The book’s origin story began as a counterpunch to Post Modernism in architecture in the 1980s, which, perhaps owing to Venturi’s books (Complexity and Contradiction and Learning from Las Vegas) became a grab bag of historical references, no longer really concerned with the purity of modernism’s clean functionalism. Post Modernism was referential; it wasn’t about itself. You had to be in on the joke.
Benedikt didn’t want Modernism or any other -ism other than realism. He wanted architecture to remember how to be substantial and present, not thin and immaterial; how to be authentic and real, not throw-away or dishonestly fake. It was perfect timing for me: every undergrad needs a manifesto, and this one spoke of creating presence in architecture, finding/discovering its significance, and filling the zen emptiness of space. It made more sense than Bachelard, even for this poetry-lover; its guiding thoughts were more subjective than Le Corbusier’s Five Points. Benedikt had four: Presence. Significance. Materiality. Emptiness. Four guiding lights for an architecture of reality. It was seventy slim, evocative pages. By graduate school I had parts of it memorized. Like this bit about the finding meaning in life:
“We seem to fear that unless we keep talking and calling upon the world to talk, we will be overcome by the dread muteness of objects and by the heedlessness of nature, that we might awaken to our “true” condition as “strangers in a strange land. But... just being a man or woman and alive is enough to guarantee the world’s meaningfulness, and we need not fear.”

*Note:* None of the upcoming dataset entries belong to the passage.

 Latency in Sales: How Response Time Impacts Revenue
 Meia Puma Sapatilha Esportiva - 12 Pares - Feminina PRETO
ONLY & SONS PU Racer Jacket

The book’s treatise metamorphosed within me in graduate school, aiding in my design confidence (I have a path forward! I will not be seduced by style! I will not be deflated in my efforts to make beautiful, meaningful spaces!). But that confidence was tempered by failure after failure, for all the reasons students fail. It’s like I saw myself as my own Unified Theory of architecture; of course I failed. My design thesis for a school of music floated away on intangibles. Its elevator pitch:
“Realizing architecture as a confluence of metaphors, as a question of human awareness in landscape: there is a connection between the structure and reason in poetry and architecture.”
What?
A small consolation and an immense truth exhumed from my journals back then: a classmate I was lamenting with told me that trying was not failing. Trying was a win-win. Won’t we forever be trying?

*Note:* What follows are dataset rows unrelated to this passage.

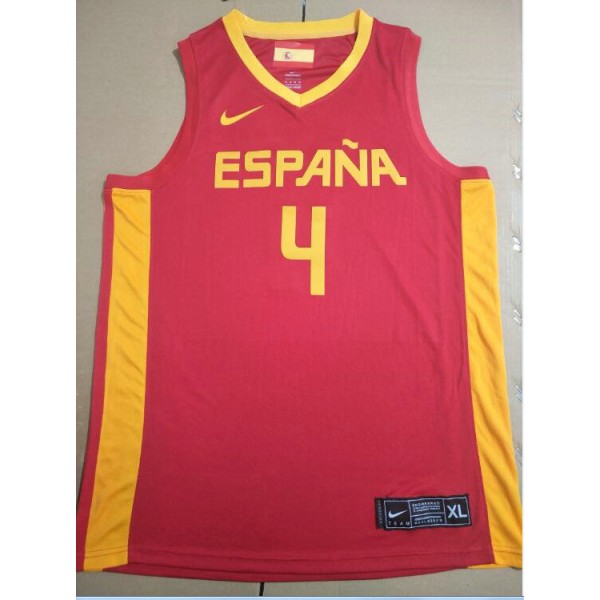 4 Gasol Spanien FIBA Basketball world cup Trikot Rot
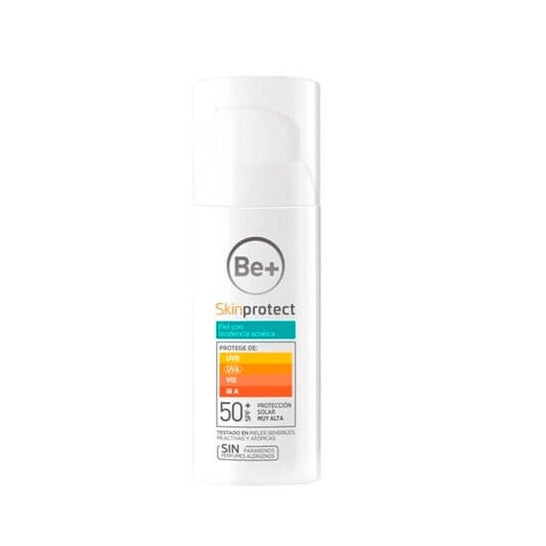 Be+ Skinprotect piel acneica SPF50+ 50ml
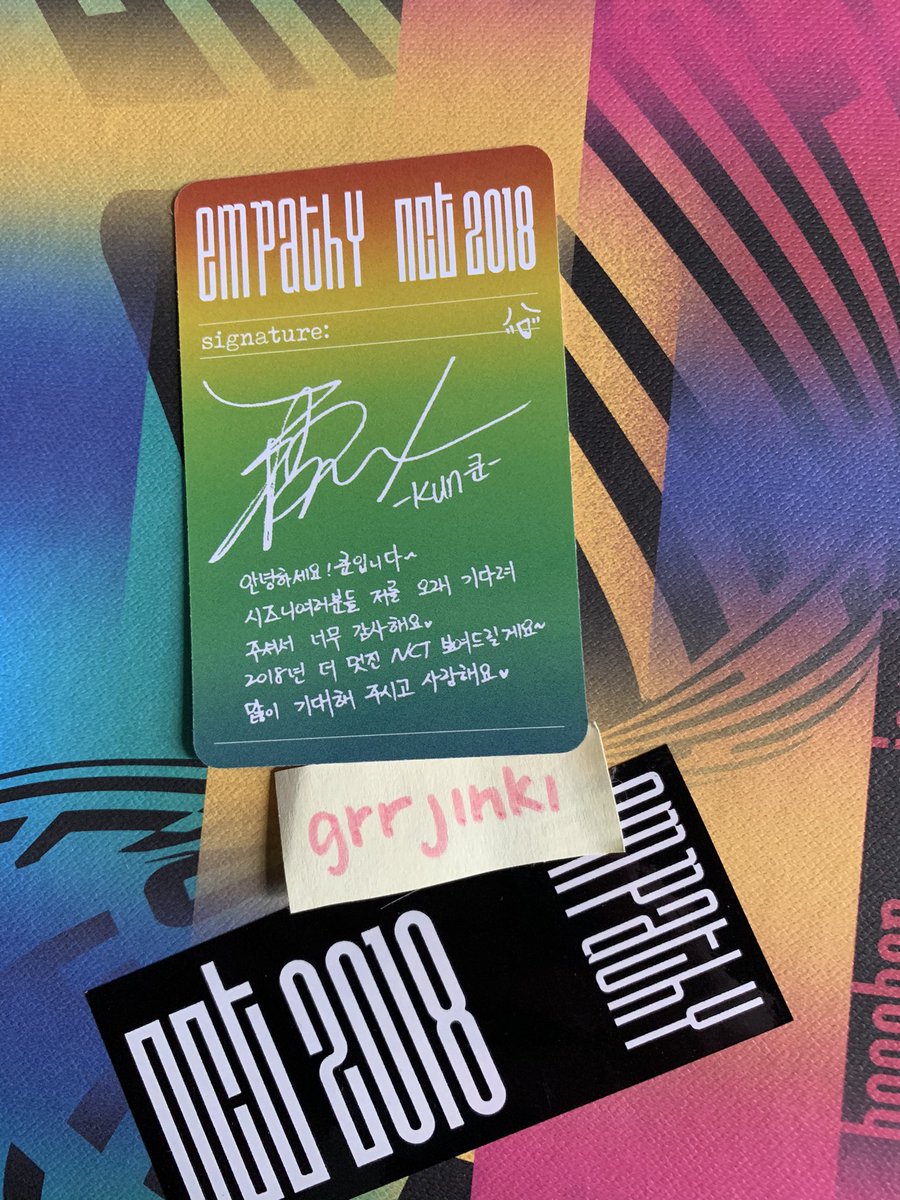 Lim6imin's tweet photo. WTT
have: kun nct empathy dream ver. pc
want: taeil, haechan, ten, yuta, or doyoung equivalent
USA only !
dm if interested !
#ncttrade #wayvtrade #kpoptrade #nctwtt #wayvwtt #kpopwtt https://t.co/8Klbs0PJtT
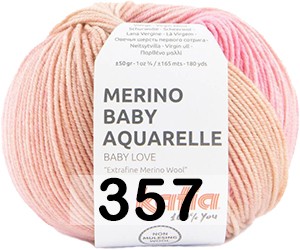 Пряжа Katia MERINO BABY AQUARELLE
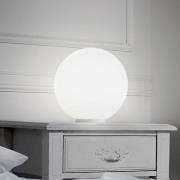 Ideal Lux Tischleuchte Mapa, Ø 20 cm, Opalglas, Kugel, E27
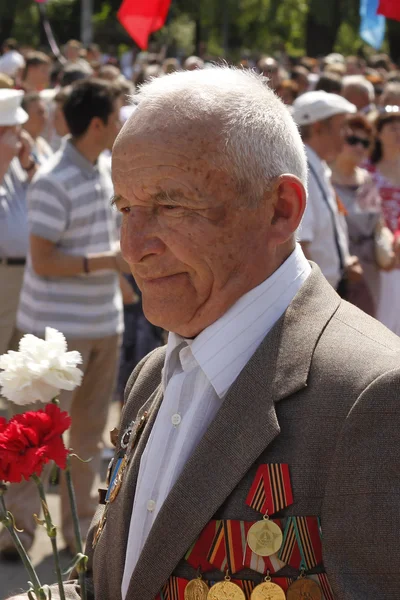 Veterano del ejército soviético — Foto de Stock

I carried the book with me into my professional life, and a different quote became very important:
“One can see how buildings constructed rapidly by indifferent men with indifferent plans, using remotely made and general parts, are bound to create indifference—at best—in the population at large... These buildings lack significance to anyone, and are the less real for it.”
Indifference as the opposite of love. Do not become indifferent.